Integrity checking NANOBSD images

Mike Tancsa mike at sentex.net
Tue Jul 11 20:18:05 UTC 2006


At 04:05 PM 11/07/2006, Poul-Henning Kamp wrote:
>In message <44B4010E.7010809 at mac.com>, Chuck Swiger writes:
>
> >Checksumming the device image is a fine way of checking the 
> integrity of it,
> >assuming it is read-only.  The only thing you might want to do is 
> use two or
> >three checksum algorithms (ie, use sha256 and md5 and something 
> else), so that
> >someone can't create a new image which matches the sha256 checksum of the
> >original.
>
>A much better idea is to send a random "salt" to be prepended to
>the disk image before it is run through sha256, that would prevent
>the attacker from running sha256 and any other algorithm you
>could care for on the image, store the results and return them
>with trojans.
>
>Copying the sha256 binary over is no guarantee against a kernel
>embedded trojan.
>
>But then again, how paranoid one has to be is a matter of preference.


Hi,
         Thanks for the responses.  I know there are no perfect ways. 
I guess I want to understand the risk as much as possible and 
mitigate against tampering as much as possible without designing the 
requirement for some guy to sit in front of the box with a gun :)

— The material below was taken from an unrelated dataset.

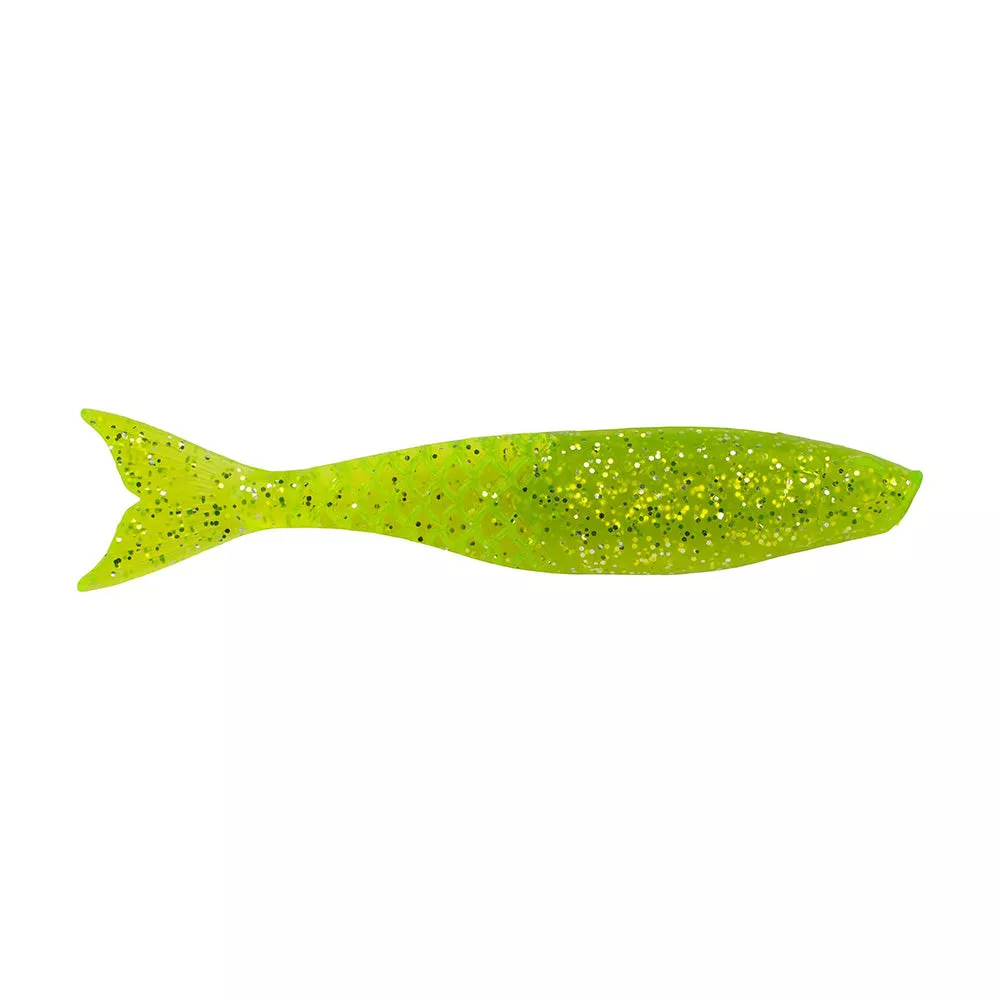 Berkley PowerBait PowerStinger – 4.25″ – Chartreuse Silver Flash BSWPBSPS4.25-CHCFL [1637652]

With respect to prepending a random salt to the image, can you expand 
what you mean ?

         ---Mike


>--
>Poul-Henning Kamp       | UNIX since Zilog Zeus 3.20
>phk at FreeBSD.ORG         | TCP/IP since RFC 956
>FreeBSD committer       | BSD since 4.3-tahoe
>Never attribute to malice what can adequately be explained by incompetence.